Work on the Gorleben mine has been suspended since 2000, when the government decided to wait until 2010 to resume the controversial project.
The appearance of the documents has confirmed the doubts of nuclear energy opponents, who all along have alleged that Gorleben was earmarked as final repository before the safety of the salt was adequately investigated.
In response to the newspaper report, the BfS claims that “the extent of the works is approved by mining law” but it was correct that shafts and buildings were designed with view to later usability as final repository.
"Gorleben is an exploratory mine and no final repository for radioactive waste,” the BfS stated.
“The lie about exploration has been busted,” said the spokesman of the Gorleben resistance group, Bürgerinitiative Lüchow-Dannenberg (BI), Wolfgang Ehmke.
The BI called on Environment Minister Sigmar Gabriel, a Social Democrat, to finally drop Gorleben as a dump site.
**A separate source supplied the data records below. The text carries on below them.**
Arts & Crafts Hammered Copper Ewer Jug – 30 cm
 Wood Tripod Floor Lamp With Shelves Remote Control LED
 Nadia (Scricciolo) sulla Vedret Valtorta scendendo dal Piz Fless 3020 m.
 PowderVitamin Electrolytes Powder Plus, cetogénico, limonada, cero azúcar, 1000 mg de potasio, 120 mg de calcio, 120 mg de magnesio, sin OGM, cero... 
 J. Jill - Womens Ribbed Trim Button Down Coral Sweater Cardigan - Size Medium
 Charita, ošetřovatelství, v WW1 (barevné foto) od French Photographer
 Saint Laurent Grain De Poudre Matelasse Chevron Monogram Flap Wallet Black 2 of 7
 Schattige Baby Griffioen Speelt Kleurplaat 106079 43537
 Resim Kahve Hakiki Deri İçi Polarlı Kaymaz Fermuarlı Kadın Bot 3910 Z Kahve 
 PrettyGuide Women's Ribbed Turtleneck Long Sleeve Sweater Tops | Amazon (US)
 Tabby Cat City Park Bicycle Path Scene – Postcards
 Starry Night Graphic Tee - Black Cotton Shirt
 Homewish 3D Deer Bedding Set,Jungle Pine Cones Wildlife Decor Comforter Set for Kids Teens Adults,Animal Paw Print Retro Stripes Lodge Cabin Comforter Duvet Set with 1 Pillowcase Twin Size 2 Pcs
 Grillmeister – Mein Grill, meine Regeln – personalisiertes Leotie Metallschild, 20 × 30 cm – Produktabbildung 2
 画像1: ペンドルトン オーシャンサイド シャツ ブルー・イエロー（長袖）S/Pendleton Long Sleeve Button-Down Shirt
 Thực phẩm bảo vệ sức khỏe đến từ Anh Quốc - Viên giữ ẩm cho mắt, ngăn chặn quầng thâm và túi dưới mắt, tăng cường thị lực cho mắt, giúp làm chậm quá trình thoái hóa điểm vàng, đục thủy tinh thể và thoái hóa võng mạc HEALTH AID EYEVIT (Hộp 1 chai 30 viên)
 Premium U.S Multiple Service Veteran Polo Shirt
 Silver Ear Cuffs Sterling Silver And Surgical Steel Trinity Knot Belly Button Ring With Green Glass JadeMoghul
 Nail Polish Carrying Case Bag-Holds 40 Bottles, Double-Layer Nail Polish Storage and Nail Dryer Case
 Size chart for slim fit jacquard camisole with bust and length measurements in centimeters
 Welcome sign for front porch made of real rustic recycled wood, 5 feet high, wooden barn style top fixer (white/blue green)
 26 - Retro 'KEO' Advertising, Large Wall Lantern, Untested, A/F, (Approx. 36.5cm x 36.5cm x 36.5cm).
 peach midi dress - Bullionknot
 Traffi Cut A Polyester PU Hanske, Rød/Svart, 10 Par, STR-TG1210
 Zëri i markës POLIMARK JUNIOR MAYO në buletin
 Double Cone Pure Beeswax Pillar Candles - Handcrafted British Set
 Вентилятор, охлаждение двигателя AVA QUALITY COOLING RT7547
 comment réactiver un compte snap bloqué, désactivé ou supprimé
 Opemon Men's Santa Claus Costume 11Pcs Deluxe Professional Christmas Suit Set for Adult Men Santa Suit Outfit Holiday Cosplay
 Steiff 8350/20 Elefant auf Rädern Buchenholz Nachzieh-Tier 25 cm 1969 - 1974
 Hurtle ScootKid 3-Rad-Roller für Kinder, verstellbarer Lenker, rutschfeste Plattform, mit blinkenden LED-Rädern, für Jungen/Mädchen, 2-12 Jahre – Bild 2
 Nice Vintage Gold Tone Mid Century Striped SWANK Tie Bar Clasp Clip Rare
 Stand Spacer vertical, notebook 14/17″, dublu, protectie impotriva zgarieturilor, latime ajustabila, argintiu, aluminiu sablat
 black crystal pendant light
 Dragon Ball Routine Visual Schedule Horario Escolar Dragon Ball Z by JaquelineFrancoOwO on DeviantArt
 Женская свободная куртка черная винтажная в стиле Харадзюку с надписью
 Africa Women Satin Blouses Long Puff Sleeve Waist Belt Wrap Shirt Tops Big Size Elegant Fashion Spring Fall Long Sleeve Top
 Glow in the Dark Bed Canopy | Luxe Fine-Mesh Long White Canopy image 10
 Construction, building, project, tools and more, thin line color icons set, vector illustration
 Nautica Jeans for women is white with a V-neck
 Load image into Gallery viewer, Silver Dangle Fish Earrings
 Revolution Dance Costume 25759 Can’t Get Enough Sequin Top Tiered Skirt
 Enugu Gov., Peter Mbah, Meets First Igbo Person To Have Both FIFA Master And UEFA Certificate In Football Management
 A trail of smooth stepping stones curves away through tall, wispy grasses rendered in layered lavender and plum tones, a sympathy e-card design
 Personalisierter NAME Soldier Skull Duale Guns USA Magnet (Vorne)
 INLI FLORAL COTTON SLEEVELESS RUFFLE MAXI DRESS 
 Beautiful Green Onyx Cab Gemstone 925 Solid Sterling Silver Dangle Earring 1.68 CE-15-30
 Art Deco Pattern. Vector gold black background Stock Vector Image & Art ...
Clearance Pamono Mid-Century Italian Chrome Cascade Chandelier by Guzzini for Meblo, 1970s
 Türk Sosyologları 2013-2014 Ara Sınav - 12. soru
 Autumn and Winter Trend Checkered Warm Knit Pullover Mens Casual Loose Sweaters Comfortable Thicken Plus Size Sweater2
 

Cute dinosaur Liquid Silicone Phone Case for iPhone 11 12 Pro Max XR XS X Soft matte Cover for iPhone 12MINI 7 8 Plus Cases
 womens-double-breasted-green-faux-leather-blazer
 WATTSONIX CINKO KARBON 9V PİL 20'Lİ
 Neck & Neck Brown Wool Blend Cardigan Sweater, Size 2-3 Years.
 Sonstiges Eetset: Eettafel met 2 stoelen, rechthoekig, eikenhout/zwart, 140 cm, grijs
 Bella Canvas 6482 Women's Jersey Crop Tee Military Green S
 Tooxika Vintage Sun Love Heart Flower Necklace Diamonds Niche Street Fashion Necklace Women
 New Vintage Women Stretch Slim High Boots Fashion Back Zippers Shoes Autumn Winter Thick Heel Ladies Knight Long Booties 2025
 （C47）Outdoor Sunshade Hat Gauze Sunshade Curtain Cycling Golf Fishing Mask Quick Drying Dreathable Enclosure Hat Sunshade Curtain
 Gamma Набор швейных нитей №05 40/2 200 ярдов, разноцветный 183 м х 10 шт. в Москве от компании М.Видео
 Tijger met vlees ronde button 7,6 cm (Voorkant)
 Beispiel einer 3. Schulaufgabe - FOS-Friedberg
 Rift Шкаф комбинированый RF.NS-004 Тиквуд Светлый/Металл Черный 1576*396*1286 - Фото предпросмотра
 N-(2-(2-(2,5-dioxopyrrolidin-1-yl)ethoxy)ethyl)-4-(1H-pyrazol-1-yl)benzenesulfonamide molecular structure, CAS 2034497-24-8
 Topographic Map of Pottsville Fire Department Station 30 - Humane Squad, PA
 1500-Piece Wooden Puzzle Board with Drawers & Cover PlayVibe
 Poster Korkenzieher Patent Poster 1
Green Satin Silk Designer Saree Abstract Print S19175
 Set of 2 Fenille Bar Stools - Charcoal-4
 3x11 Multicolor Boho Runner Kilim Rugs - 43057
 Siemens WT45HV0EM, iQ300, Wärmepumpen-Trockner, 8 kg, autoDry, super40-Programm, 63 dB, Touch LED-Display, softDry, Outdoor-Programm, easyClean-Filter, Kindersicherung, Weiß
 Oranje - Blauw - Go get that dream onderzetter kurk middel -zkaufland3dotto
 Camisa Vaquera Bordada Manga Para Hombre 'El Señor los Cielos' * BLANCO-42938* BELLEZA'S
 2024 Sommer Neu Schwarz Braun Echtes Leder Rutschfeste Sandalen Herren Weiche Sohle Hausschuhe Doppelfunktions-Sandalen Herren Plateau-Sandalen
It was the only way to regain trust in a fair process of seeking a waste site, he said.
The allegation that Angela Merkel ignored the warnings about possible drinking water contamination was made by a television current affairs programme, “Kontraste”, also citing a BfS document, this one from 1996.
The programme cited from the document that tectonic movements could press contaminated water upwards to reach drinking water supplies.
"Kontraste" said Merkel did not inform the public at the time.
She had in fact ordered “to continue tipping atomic waste from western reactors into the Morsleben mine in Saxony-Anhalt because it was cheap,” the magazine claimed; Morsleben was the nuclear dump of former communist East Germany, inherited through German reunion.
Morsleben is as dilapidated as the mine Asse II near Wolfenbüttel which is in danger of collapsing and is taking in 12 cubic metres of brine daily. It was meant to be the pilot plant for Gorleben.
Ms Merkel refused to comment to “Kontraste” about the allegation against her.
The Asse scandals will be subject of a regional parliamentary inquiry in Hanover, beginning in June.
The leader of The Greens in the Lower Saxony state house, Stefan Wenzel, told the TV show he intends to have Merkel subpoenaed as a witness.
“She’ll have to face up to her responsibility and come clean. These attempts to cover up will have to end.”
The national coalition government in Berlin, consisting of Christian Democrats (Merkel) and Social Democrats (Gabriel) is deeply split over whether further exploration is to take place in Gorleben or whether more sites are to be looked at.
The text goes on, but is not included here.